TASK STATEMENT:
Each line in the data must be reproduced as written, except for any picture.

Image-text web data:
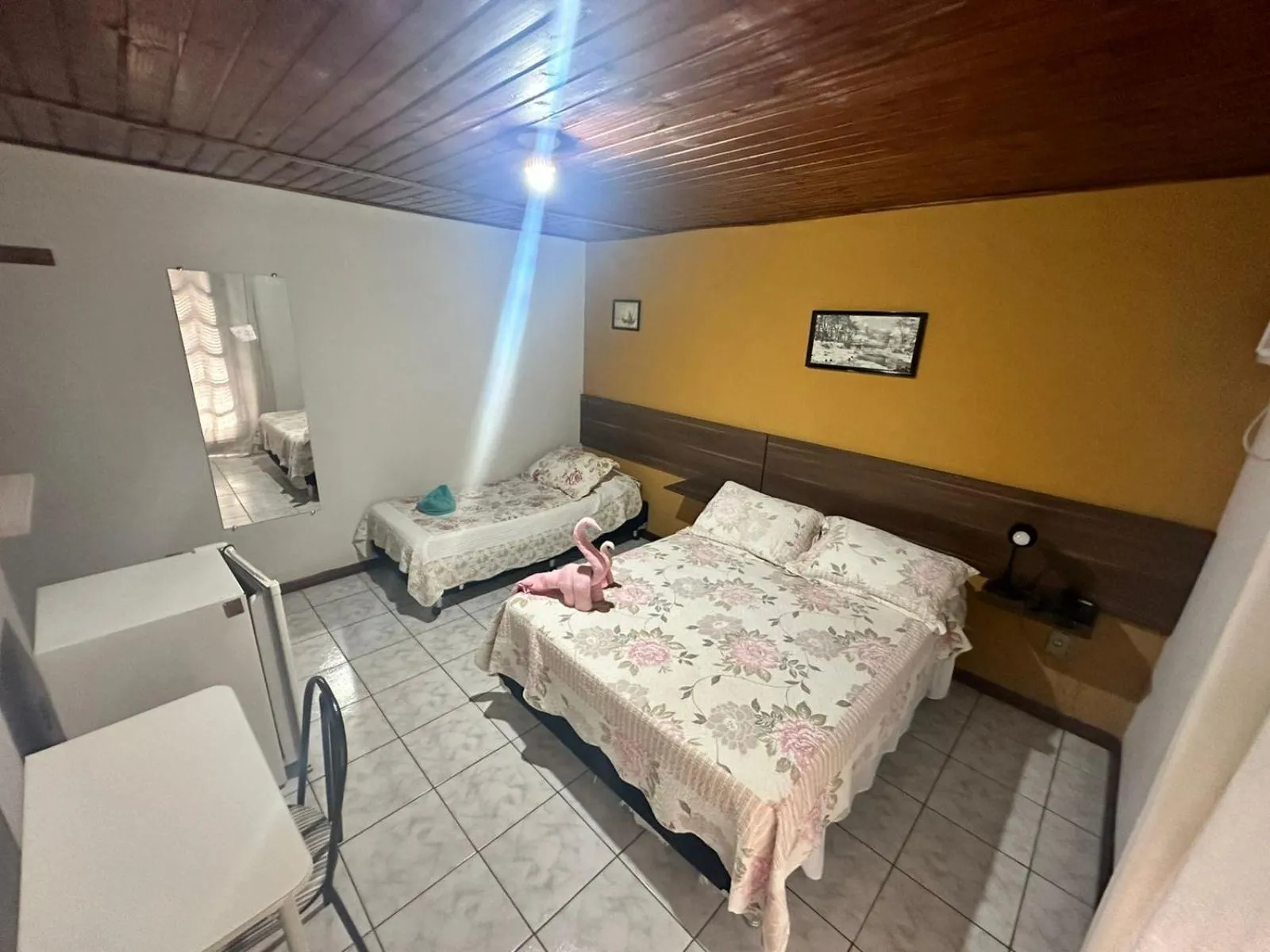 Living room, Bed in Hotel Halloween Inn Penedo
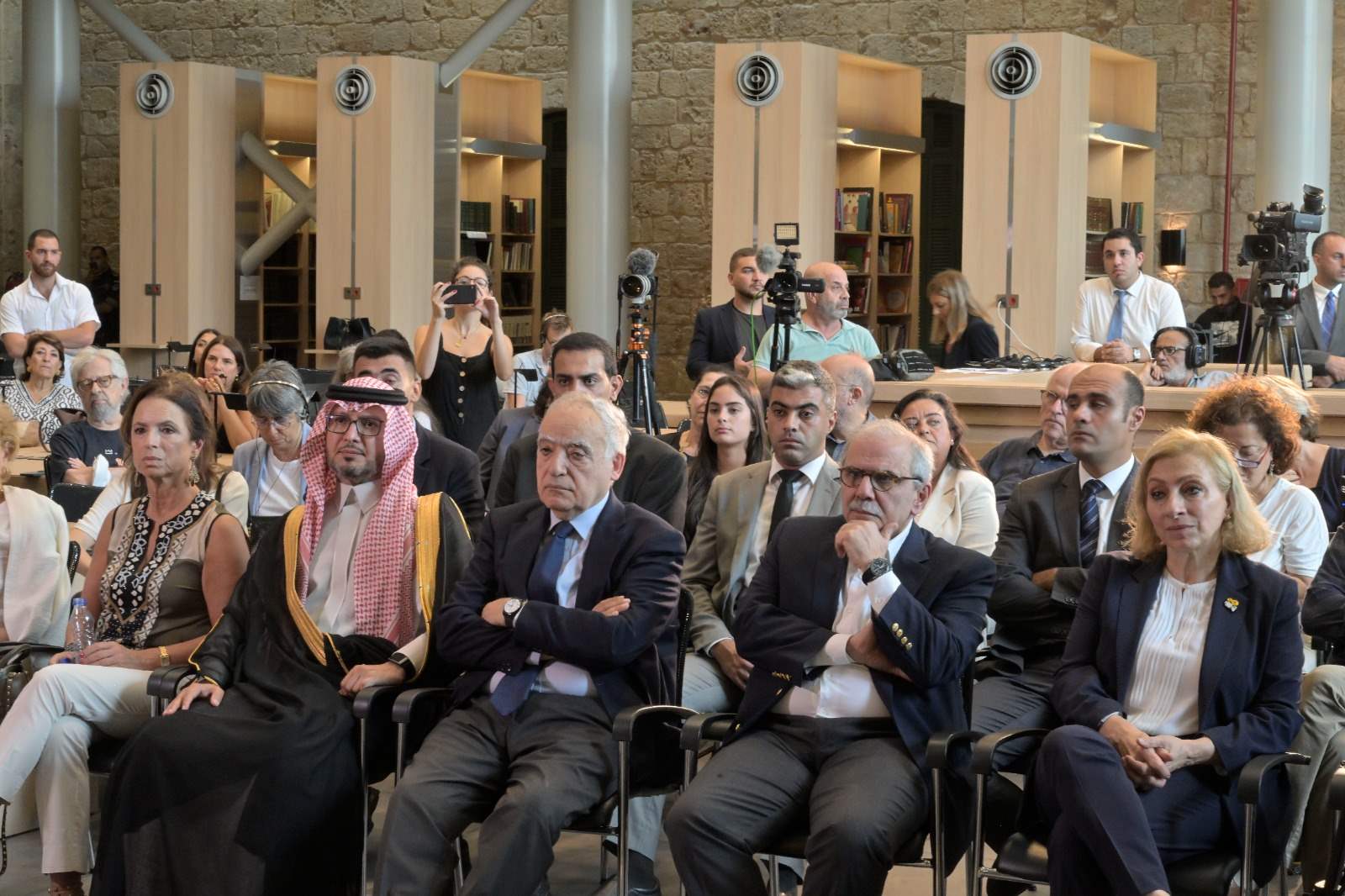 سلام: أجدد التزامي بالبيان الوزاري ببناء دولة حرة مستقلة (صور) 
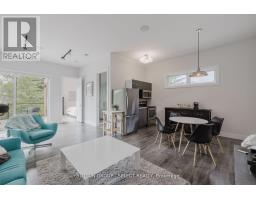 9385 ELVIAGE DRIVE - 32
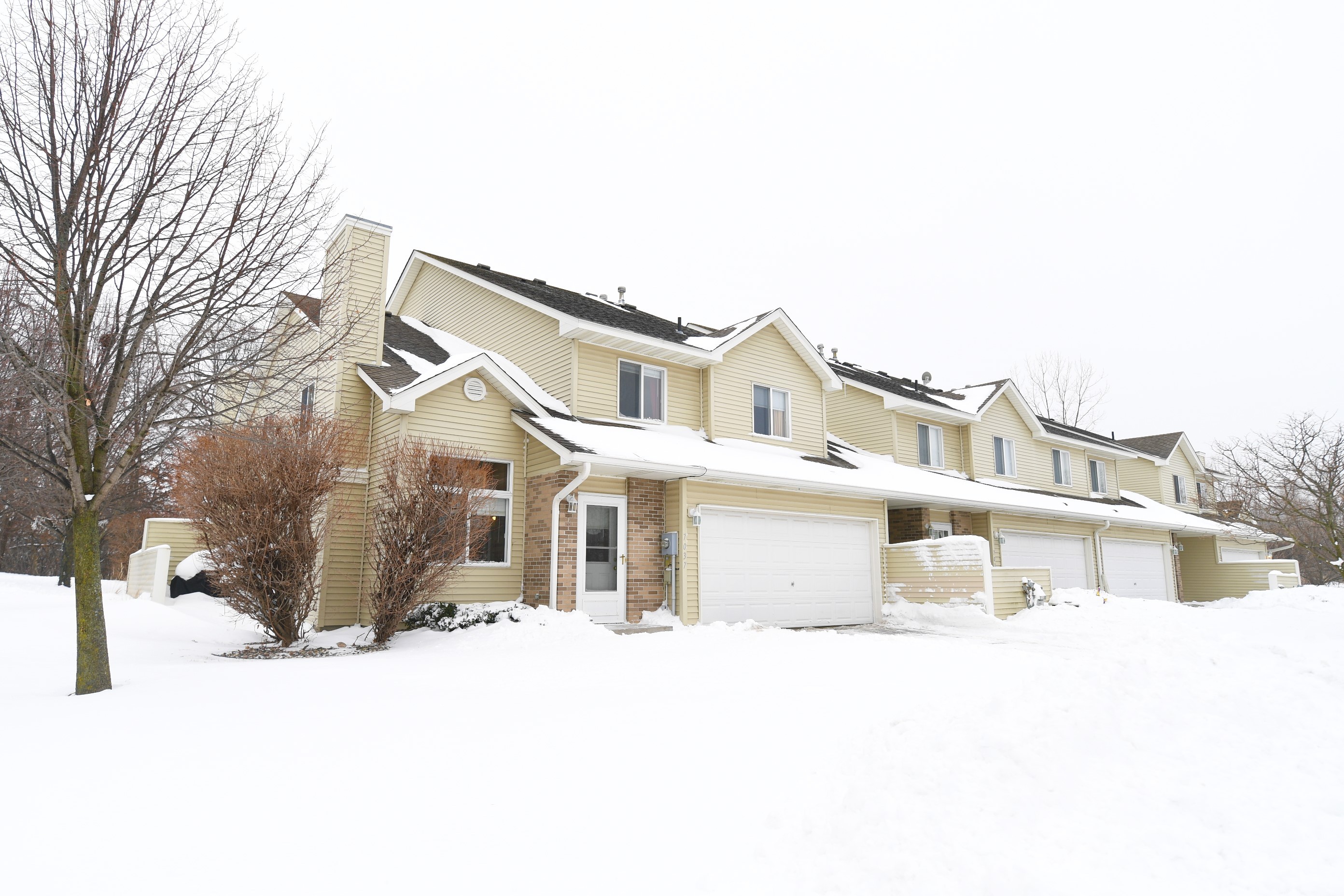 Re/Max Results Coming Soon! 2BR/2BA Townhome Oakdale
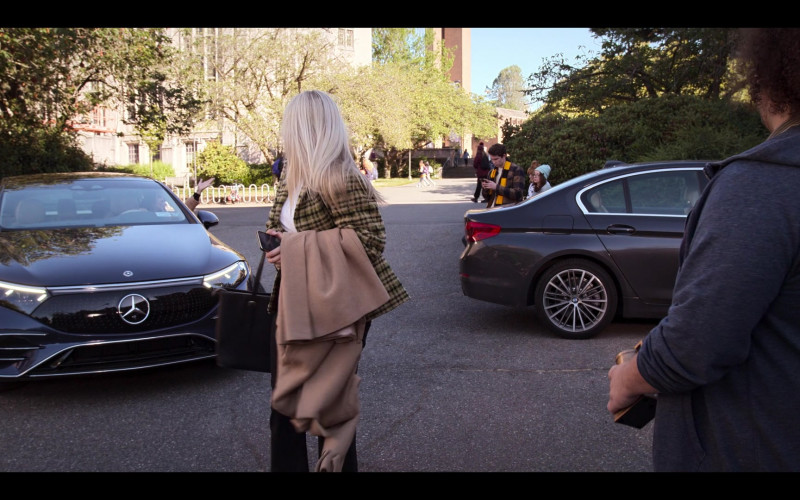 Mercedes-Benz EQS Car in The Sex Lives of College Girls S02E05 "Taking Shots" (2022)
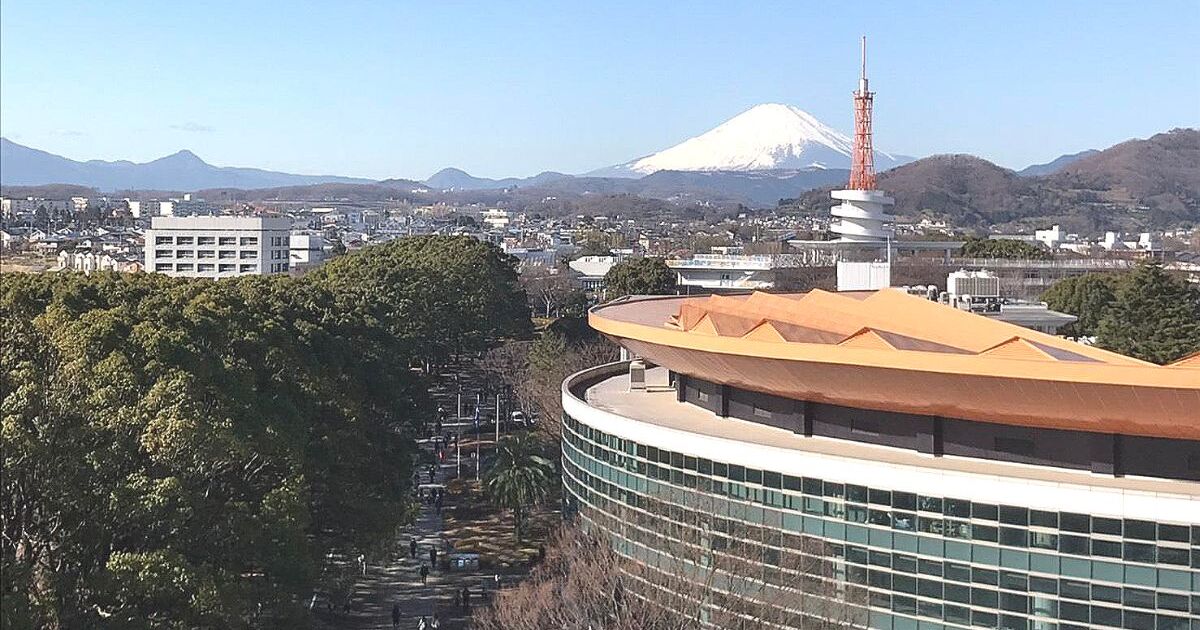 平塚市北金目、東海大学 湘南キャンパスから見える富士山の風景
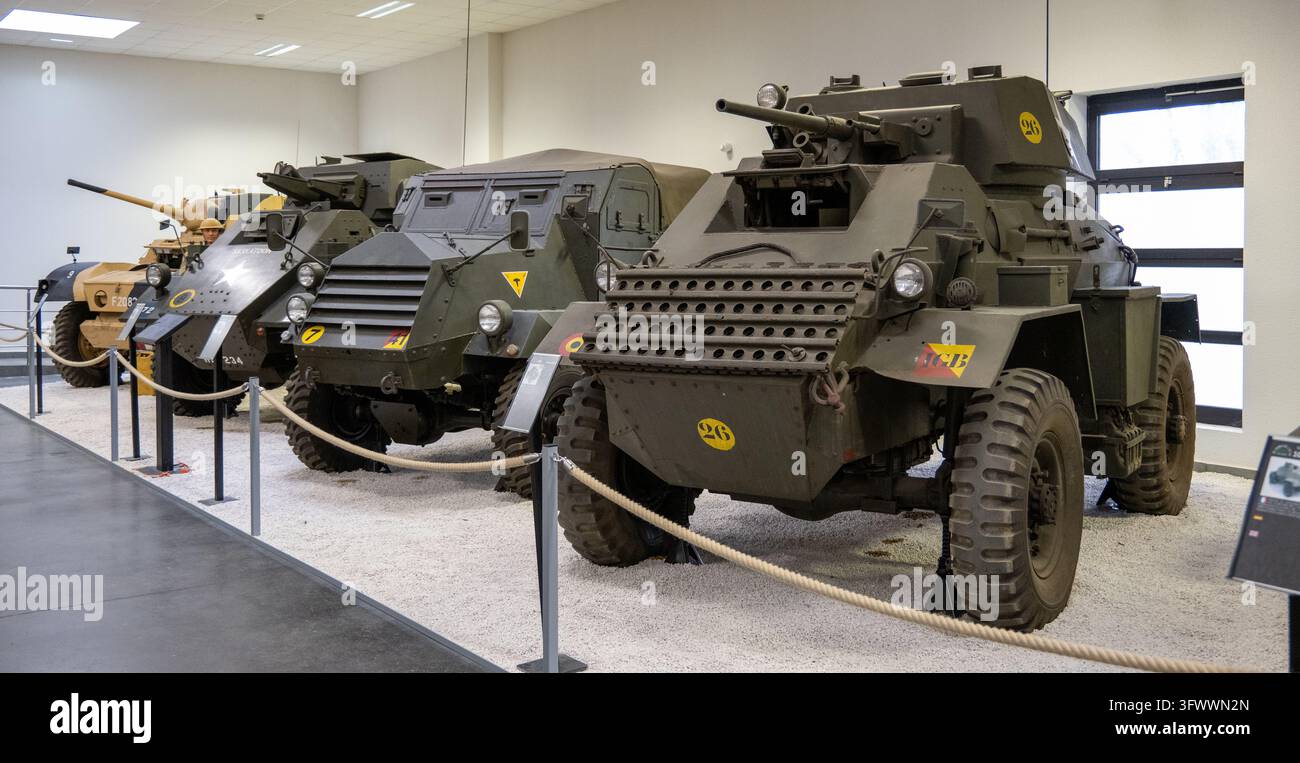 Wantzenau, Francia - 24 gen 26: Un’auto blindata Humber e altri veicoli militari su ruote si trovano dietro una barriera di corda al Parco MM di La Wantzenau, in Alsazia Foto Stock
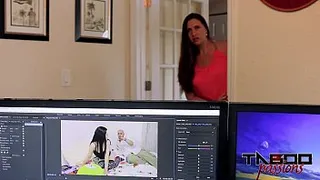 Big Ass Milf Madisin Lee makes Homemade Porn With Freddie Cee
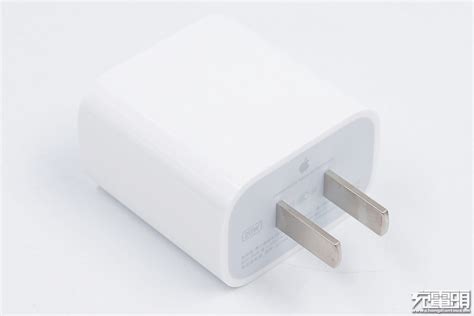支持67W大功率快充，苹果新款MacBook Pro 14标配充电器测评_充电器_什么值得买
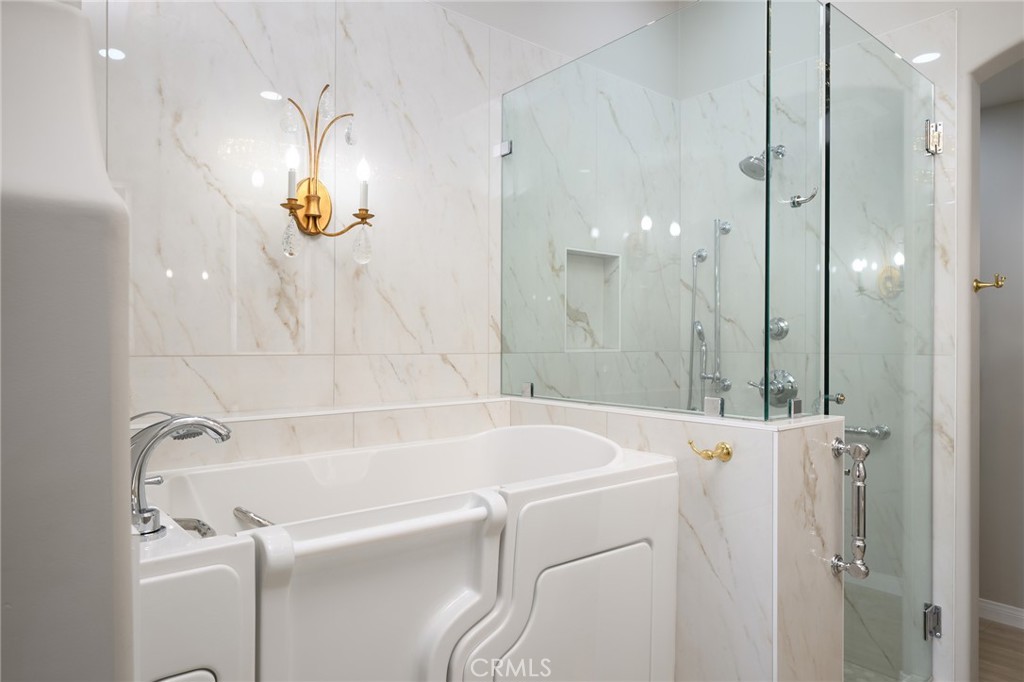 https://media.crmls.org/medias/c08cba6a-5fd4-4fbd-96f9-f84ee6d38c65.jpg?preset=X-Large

EXERCISE RESULT:
 Living room, Bed in Hotel Halloween Inn Penedo
 سلام: أجدد التزامي بالبيان الوزاري ببناء دولة حرة مستقلة (صور) 
 9385 ELVIAGE DRIVE - 32
 Re/Max Results Coming Soon! 2BR/2BA Townhome Oakdale
 Mercedes-Benz EQS Car in The Sex Lives of College Girls S02E05 "Taking Shots" (2022)
 平塚市北金目、東海大学 湘南キャンパスから見える富士山の風景
 Wantzenau, Francia - 24 gen 26: Un’auto blindata Humber e altri veicoli militari su ruote si trovano dietro una barriera di corda al Parco MM di La Wantzenau, in Alsazia Foto Stock
 Big Ass Milf Madisin Lee makes Homemade Porn With Freddie Cee
支持67W大功率快充，苹果新款MacBook Pro 14标配充电器测评_充电器_什么值得买
 https://media.crmls.org/medias/c08cba6a-5fd4-4fbd-96f9-f84ee6d38c65.jpg?preset=X-Large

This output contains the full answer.